Лицо девушки с нитками выщипанных бровей и жирно накрашенными ресницами меня не интересует – уж слишком отчетливо на нем написано презрение ко всему человечеству. Может, феминистка или еще как-нибудь жизнью обижена.
Она печатает на компьютере и одновременно задает дежурные вопросы:
– Как много у вас близких родственников?
– Только мама.
– Где она проживает?
– В Саратове…
Девица – обычная представительница тупых офисных стерв. Ноги от ушных мочек, глаза по пятаку, губки бантиком, сиськи Эверестом. И юбка, едва успевшая начаться. Мне хорошо известен данный типаж: запредельный ЧСВ (чувство собственной важности), диплом платного отделения усть-козлоярского экономического колледжа и патологический синдром вершительниц человеческих судеб. Такая родную маму не пожалеет ради того, чтобы трахнуться с местным боссом. А потом, пользуясь доступом к начальственному телу, уничтожит всех его врагов. Но начнет, конечно, со своих.
Изредка я поглядываю на ее бейдж, на котором значится: «Старший менеджер по кадрам Баталина Ольга Ананьевна». По правде говоря, поглядываю я не на бейдж, а на полы белоснежной блузки, кое-как стянутые парочкой пуговиц на отнюдь не католической груди.
– Где вы работали раньше? – цедит она сквозь ровные зубки.
А вот об этом распространяться не стоит. Во-первых, принадлежность к довольно редкой профессии может повредить трудоустройству. Во-вторых, я давал подписку о неразглашении секретной информации, связанной с предыдущей специальностью.

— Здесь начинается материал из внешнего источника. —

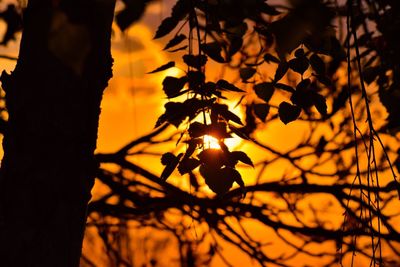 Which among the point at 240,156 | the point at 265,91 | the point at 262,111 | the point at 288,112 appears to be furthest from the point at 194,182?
the point at 240,156

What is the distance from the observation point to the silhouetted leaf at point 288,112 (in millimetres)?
2717

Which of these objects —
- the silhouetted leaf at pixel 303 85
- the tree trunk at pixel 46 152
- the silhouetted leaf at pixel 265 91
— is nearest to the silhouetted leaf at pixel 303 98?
the silhouetted leaf at pixel 303 85

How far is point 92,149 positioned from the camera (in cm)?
259

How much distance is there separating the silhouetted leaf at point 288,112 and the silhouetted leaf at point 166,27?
0.61 metres

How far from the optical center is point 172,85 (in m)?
2.68

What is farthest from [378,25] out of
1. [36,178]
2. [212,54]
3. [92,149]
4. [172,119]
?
[36,178]

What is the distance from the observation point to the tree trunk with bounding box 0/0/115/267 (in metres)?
2.41

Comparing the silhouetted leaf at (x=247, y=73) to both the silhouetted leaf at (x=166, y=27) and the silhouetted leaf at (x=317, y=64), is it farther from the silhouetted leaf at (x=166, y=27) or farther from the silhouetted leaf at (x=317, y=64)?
the silhouetted leaf at (x=166, y=27)

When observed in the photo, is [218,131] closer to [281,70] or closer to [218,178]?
[218,178]

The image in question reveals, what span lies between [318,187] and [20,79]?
376 centimetres

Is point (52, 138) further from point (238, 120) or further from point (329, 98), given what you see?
point (329, 98)

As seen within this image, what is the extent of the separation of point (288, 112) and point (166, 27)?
0.65 metres

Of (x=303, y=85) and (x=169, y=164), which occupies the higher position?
(x=303, y=85)

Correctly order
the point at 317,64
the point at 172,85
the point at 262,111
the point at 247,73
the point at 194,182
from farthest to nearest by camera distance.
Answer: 1. the point at 194,182
2. the point at 247,73
3. the point at 262,111
4. the point at 317,64
5. the point at 172,85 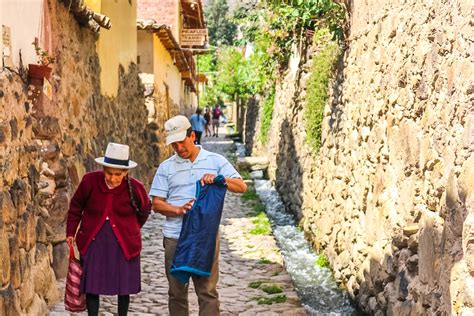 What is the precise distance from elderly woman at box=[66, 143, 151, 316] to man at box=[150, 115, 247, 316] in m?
0.27

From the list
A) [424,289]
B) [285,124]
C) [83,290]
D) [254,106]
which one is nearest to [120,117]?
[285,124]

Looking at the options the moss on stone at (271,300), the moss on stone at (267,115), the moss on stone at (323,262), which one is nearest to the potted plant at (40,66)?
the moss on stone at (271,300)

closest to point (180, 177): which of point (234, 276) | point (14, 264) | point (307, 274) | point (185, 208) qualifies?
point (185, 208)

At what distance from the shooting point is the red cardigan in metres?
4.65

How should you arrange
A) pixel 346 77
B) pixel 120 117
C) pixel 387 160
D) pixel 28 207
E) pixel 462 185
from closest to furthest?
pixel 462 185, pixel 28 207, pixel 387 160, pixel 346 77, pixel 120 117

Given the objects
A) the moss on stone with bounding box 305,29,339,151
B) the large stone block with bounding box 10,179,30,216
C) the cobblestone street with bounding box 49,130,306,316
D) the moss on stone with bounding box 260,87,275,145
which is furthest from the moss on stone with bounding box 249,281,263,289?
the moss on stone with bounding box 260,87,275,145

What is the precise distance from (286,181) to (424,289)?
30.1 feet

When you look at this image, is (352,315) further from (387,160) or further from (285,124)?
(285,124)

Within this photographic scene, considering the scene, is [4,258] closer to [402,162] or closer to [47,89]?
[47,89]

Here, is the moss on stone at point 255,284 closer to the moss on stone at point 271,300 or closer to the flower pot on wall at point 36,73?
the moss on stone at point 271,300

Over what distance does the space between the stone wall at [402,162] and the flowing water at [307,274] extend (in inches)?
8.6

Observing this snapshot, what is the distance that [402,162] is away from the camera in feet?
17.9

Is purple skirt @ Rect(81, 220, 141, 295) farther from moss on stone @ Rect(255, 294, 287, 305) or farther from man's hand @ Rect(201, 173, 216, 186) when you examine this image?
moss on stone @ Rect(255, 294, 287, 305)

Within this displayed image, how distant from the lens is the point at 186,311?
4648 millimetres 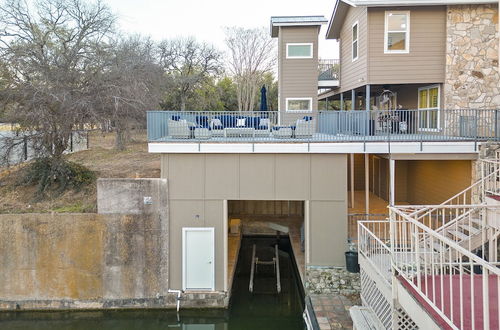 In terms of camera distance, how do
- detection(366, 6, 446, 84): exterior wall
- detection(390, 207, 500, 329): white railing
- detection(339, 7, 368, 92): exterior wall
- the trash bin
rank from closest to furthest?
detection(390, 207, 500, 329): white railing
the trash bin
detection(366, 6, 446, 84): exterior wall
detection(339, 7, 368, 92): exterior wall

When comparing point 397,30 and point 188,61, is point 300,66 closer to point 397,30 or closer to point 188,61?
point 397,30

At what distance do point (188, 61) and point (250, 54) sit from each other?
591 centimetres

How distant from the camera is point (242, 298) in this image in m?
11.3

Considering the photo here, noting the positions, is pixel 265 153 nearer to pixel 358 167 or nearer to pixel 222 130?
pixel 222 130

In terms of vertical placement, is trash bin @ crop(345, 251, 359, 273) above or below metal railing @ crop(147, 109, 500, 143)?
below

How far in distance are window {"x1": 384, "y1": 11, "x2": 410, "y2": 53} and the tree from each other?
9.42 metres

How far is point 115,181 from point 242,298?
191 inches

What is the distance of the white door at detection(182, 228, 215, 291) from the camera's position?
1040 cm

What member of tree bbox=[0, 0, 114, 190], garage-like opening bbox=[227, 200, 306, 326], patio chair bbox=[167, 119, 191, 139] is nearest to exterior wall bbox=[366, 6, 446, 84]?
garage-like opening bbox=[227, 200, 306, 326]

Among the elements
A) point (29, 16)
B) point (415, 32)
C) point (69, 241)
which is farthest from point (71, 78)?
point (415, 32)

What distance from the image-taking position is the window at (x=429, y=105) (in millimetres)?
12789

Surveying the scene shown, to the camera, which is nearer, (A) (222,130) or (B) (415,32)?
(A) (222,130)

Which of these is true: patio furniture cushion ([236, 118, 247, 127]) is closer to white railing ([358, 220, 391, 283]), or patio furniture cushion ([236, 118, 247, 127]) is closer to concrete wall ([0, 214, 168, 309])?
concrete wall ([0, 214, 168, 309])

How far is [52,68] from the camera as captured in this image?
41.3 ft
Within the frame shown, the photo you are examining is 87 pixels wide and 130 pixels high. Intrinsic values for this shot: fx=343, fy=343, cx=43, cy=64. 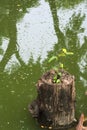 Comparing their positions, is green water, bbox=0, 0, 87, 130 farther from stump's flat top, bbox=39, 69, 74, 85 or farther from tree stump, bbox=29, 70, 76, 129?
stump's flat top, bbox=39, 69, 74, 85

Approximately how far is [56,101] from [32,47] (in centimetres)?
294

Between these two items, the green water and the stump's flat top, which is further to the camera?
the green water

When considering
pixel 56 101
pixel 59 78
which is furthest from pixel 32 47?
pixel 56 101

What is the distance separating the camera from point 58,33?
27.6 feet

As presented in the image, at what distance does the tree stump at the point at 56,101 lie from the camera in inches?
199

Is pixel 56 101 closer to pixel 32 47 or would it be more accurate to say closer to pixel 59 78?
pixel 59 78

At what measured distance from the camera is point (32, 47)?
7.84 meters

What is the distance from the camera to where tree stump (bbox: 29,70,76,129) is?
5.06m

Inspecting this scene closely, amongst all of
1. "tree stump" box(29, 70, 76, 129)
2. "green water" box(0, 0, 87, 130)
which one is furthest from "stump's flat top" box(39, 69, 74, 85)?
"green water" box(0, 0, 87, 130)

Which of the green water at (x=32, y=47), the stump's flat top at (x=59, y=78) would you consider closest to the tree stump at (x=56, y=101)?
the stump's flat top at (x=59, y=78)

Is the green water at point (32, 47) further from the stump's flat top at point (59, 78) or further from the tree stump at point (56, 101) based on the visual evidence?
the stump's flat top at point (59, 78)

Решаю назвать последнее место работы – там ничего секретного не было.
– Московский метрострой.
– Кем вы работали?
– Изолировщиком.
– Каков стаж вашей работы в Метрострое?
Смотрю на свою трудовую книжку, к которой мадам даже не притронулась, хотя она лежит перед ней, и нагло вру:
– Около пяти лет.
– С условиями ознакомились? – щелкает Ольга Ананьевна длинными ноготками по клавиатуре.
– Заканчиваю…
В тексте ничего нового. Отсутствие прав компенсируется высокой степенью ответственности. Контракт буквально пестрит жирным курсивом, коим обозначены всевозможные запретительные меры и строгие кары за их нарушения. Такие слова и фразы, как «штраф», «запрещено», «подлежит административному наказанию», «работник несет ответственность», «покрывает убытки» и тому подобное, – встречаются на каждой странице по десятку раз.

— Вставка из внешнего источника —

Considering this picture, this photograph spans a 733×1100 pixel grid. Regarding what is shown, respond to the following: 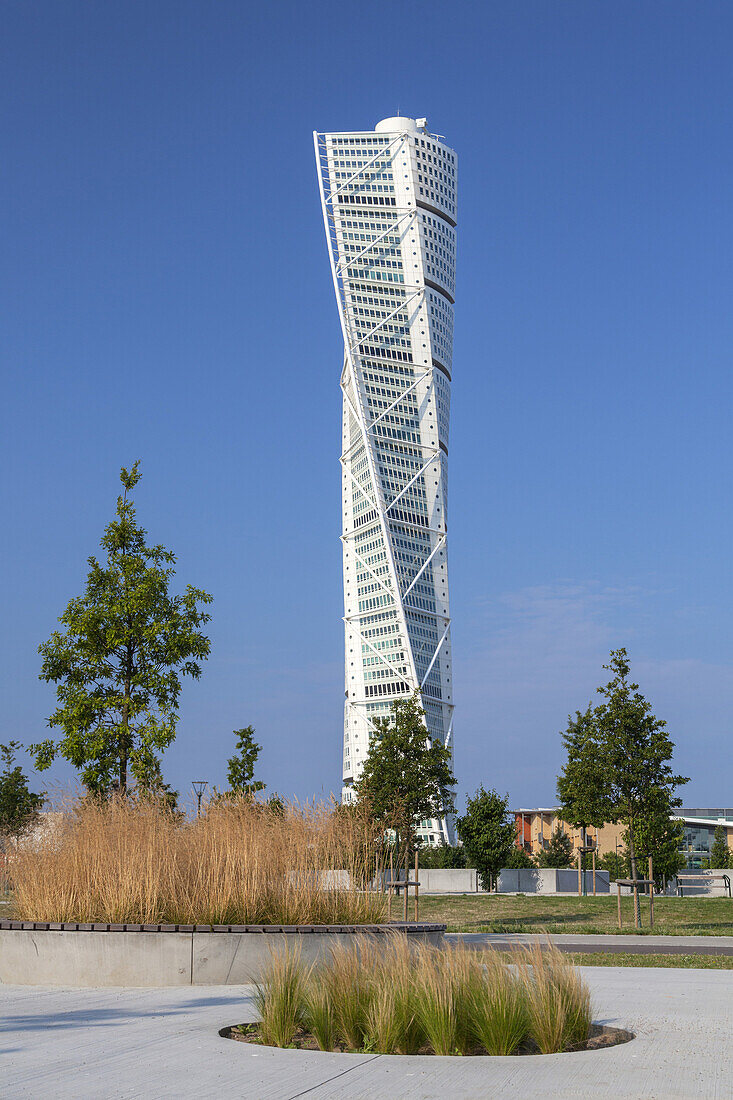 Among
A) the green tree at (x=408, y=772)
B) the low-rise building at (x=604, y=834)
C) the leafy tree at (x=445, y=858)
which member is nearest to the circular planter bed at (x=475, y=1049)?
the green tree at (x=408, y=772)

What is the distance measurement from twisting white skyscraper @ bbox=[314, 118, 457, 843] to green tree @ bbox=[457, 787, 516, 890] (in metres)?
74.1

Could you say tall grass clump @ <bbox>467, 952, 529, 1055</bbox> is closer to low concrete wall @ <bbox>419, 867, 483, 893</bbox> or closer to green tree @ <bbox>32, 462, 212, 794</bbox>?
green tree @ <bbox>32, 462, 212, 794</bbox>

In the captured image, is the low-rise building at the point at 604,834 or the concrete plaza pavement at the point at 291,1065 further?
the low-rise building at the point at 604,834

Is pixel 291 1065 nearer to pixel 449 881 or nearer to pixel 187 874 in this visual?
pixel 187 874

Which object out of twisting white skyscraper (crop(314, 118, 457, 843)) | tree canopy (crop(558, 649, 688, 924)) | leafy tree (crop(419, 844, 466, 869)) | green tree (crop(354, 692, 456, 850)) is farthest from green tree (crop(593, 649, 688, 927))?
twisting white skyscraper (crop(314, 118, 457, 843))

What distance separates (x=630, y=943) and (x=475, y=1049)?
12486 millimetres

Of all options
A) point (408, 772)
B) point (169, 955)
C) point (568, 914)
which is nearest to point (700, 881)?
point (568, 914)

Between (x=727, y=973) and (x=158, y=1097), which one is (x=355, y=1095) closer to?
(x=158, y=1097)

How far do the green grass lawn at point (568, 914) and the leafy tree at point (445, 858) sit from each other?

Завершая ознакомление с грозным документом, меня так и подмывало спросить Баталину: «А не должен ли я уметь собирать сахарный тростник и знать наизусть песню негров из «Рабыни Изауры»?..»
Тактично умолчав о неграх, произношу иное:
– Есть несколько вопросов.
– Да, я слушаю.
– Требуют прояснения несколько пунктов.
– Что именно непонятно?
– Вот… в пункте 4.2 «Выплата заработной платы и иных платежей, связанных с трудовой деятельностью Работника, осуществляется Работодателем путем перечисления денежных средств на банковский счет Работника».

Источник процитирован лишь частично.